Reproduce the entries beneath exactly, without their images.
::::::
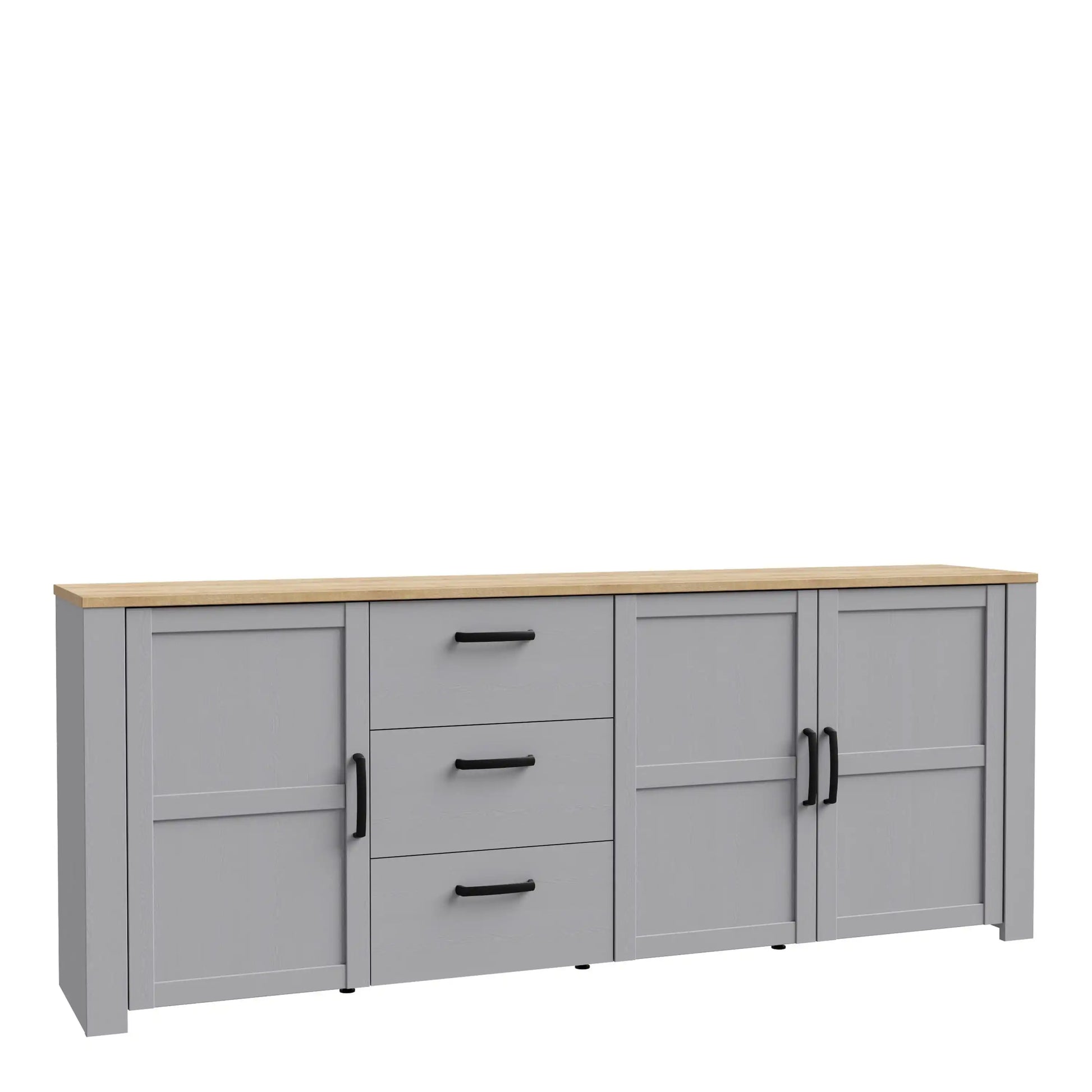 Bohol 3 Door 3 Drawer Large Sideboard Buffet Unit In Riviera Oak & Grey Oak - Price Crash Furniture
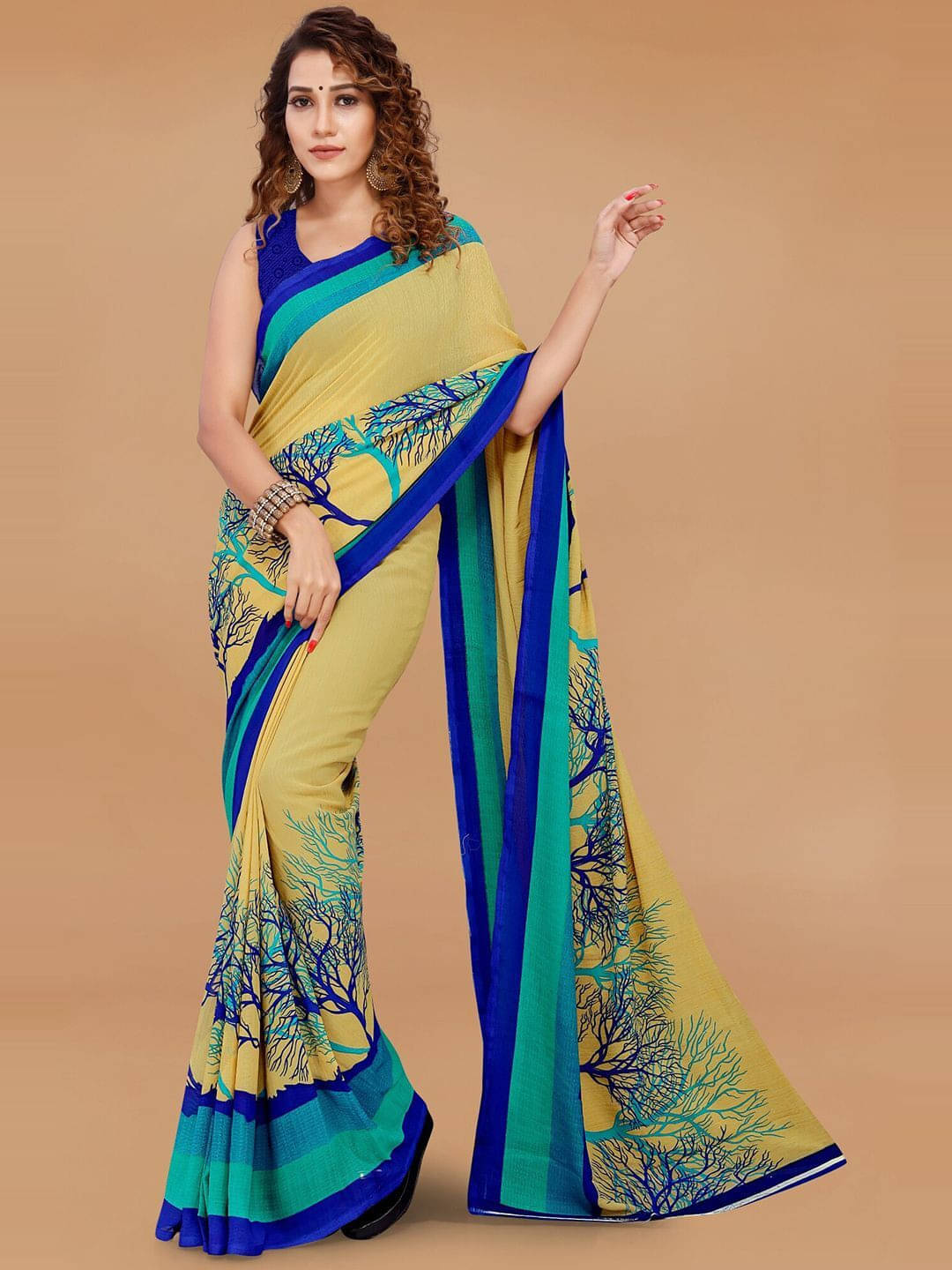 ANAND SAREES Georgette Printed Saree With Unstitched Blouse Piece ( Beige ) ANAND SAREES Georgette Printed Saree With Unstitched Blouse Piece ( Beige )
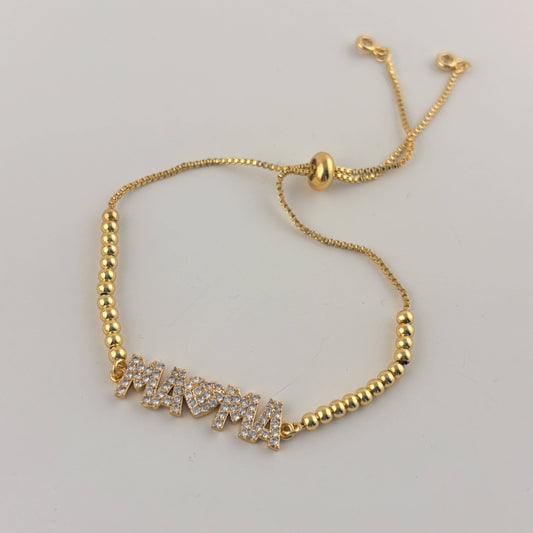 Pulsera mamá cristales ajustable chapa de oro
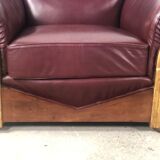 Armchairs (the pair) art deco style in wood and burgundy leather 1940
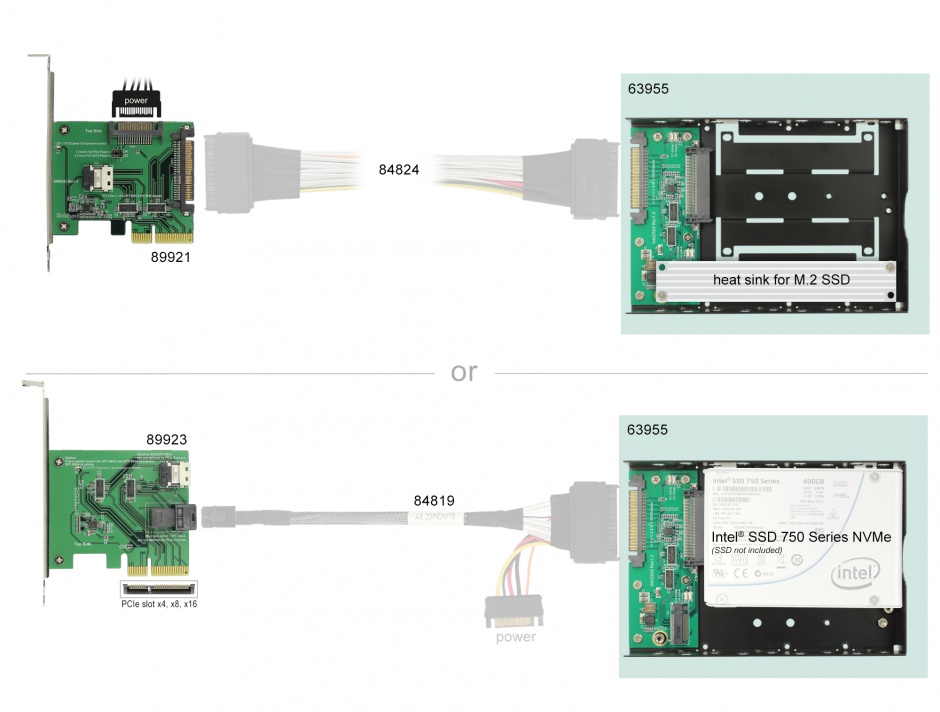 Imagine Convertor U.2 SFF-8639 la M.2 NVMe Key M / U.2 SFF-8639 cu frame 3.5", Delock 63955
::::::
__ANSWER SECTION__
 Bohol 3 Door 3 Drawer Large Sideboard Buffet Unit In Riviera Oak & Grey Oak - Price Crash Furniture
 ANAND SAREES Georgette Printed Saree With Unstitched Blouse Piece ( Beige ) ANAND SAREES Georgette Printed Saree With Unstitched Blouse Piece ( Beige )
 Pulsera mamá cristales ajustable chapa de oro
 Armchairs (the pair) art deco style in wood and burgundy leather 1940
 Imagine Convertor U.2 SFF-8639 la M.2 NVMe Key M / U.2 SFF-8639 cu frame 3.5", Delock 63955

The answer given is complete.